Hey Marc, great hearing from you. I had a Phantom II back in 2012 which I found very challenging to fly. Current DJI technology in the Mavic Pro and the Phantom 4 is amazing. I was super nervous expecting to have to be an actual pilot simultaneously aware of wind conditions, obstructions, yaw, pitch, roll, and still have a bit left for the camera. The new aircraft are incredibly stable and simple to operate. I was planning to spend a week really learning the thing — essentially treating it like work needed to be invested in return to get some interesting pictures. Not the case at all. We were flying over water on the second flight. I’m still nervous landing in tight places but these systems are super stable when everything is operating as it should. I expect a sensor failure could still fairly quickly lead to splashed aircraft.
You’ll love your Phantom 4 and will get used to it quickly. I wish we had one when we were in Alaska.
I will share with you some of the drone pictures I will make this summer. Lituya Bay should be a spectacular place for making drone pictures. Wishing you a safe Atlantic crossing.
Hiya Mark! We got underway at 4:00am this morning out of Newport and, if the weather isn’t bad, expect to be in Ireland in 19 days.

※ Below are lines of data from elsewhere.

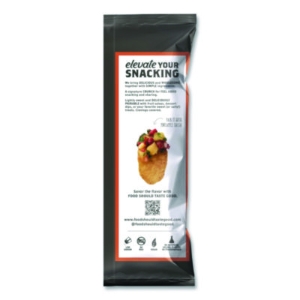 Tortilla Chips, Sweet Potato with Sea Salt, 1.5 oz., 24/Cart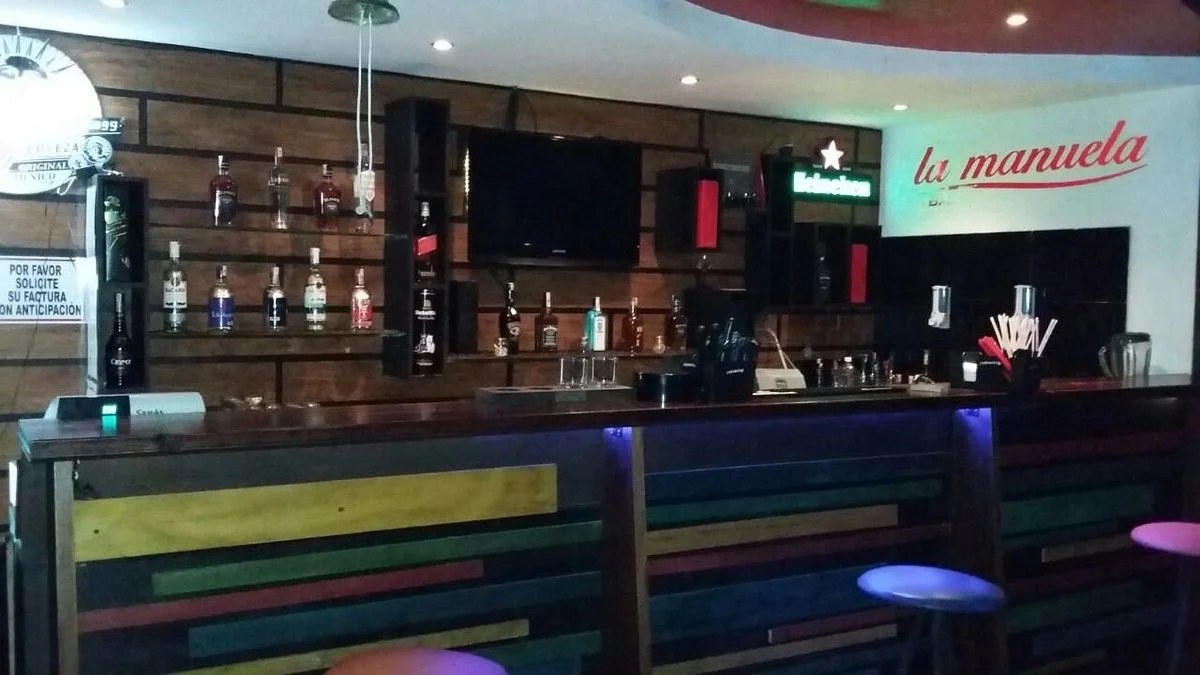 La Manuela Bar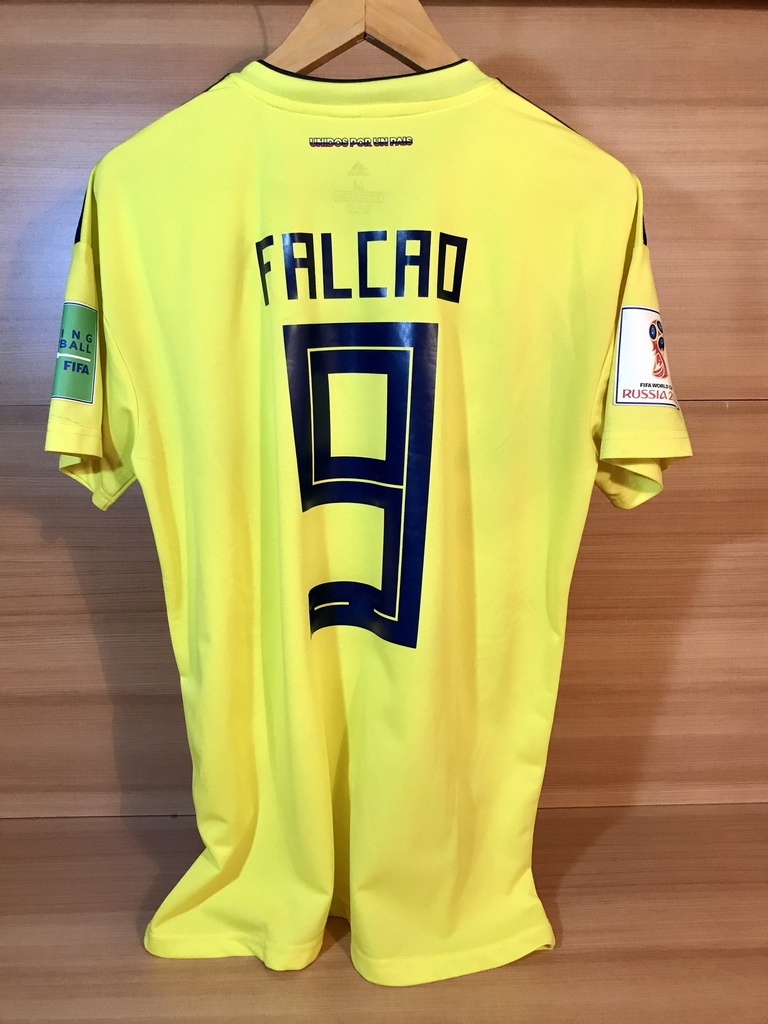 9 - Falcao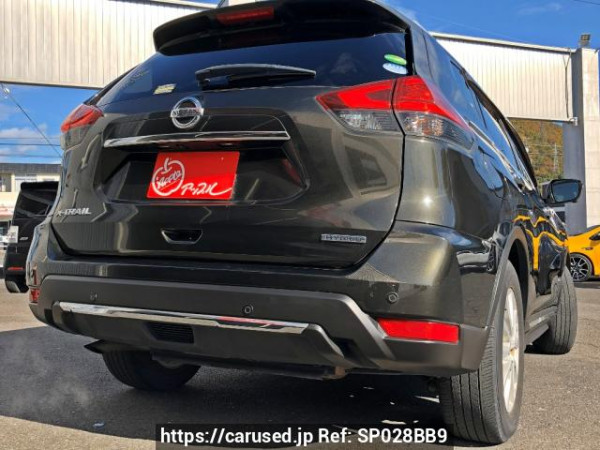 Used 2017 AT nissan x-trail HNT32 Image[2]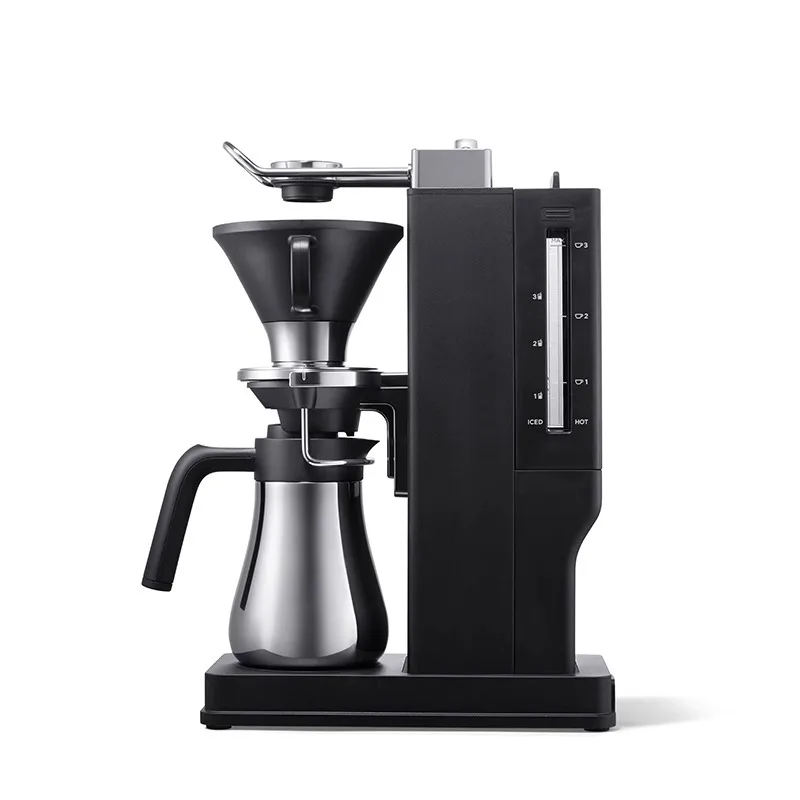 

Coffee machine, new hand-brewed Americano home small office extractor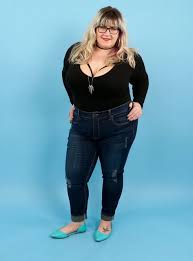 We Tried Melissa Mccarthys Plus Size Jeans Heres The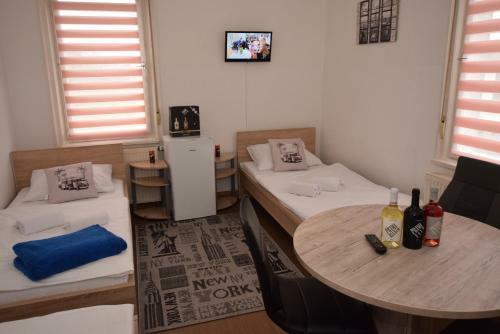 Albergue Ab Apartment Objekt 35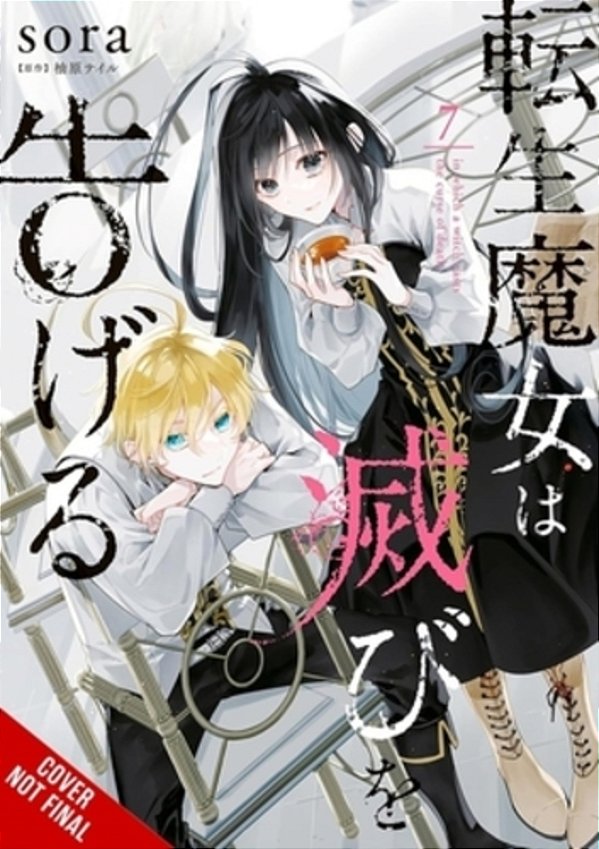 A Reincarnated Witch Spells Doom, Vol. 7-..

Have fun on your trip to Alaska.
James – if you want to start thinking about drone flying when you get to our side of the pond here are some tips:
* Rules in the UK: https://www.caa.co.uk/Consumers/Model-aircraft-and-drones/Flying-drones/
* Rules in Ireland: https://www.iaa.ie/general-aviation/drones
* Insurance = if your current public liability insurance for the drone won’t cover you over here there is a very affordable solution (which is what I use):- https://www.bmfa.org/Insurance/Insurance-FAQs
I always hand launch and catch when flying from the boat. I use prop guards to try and protect myself – easy on my Phantom III but I don’t know if they are available for the Mavic.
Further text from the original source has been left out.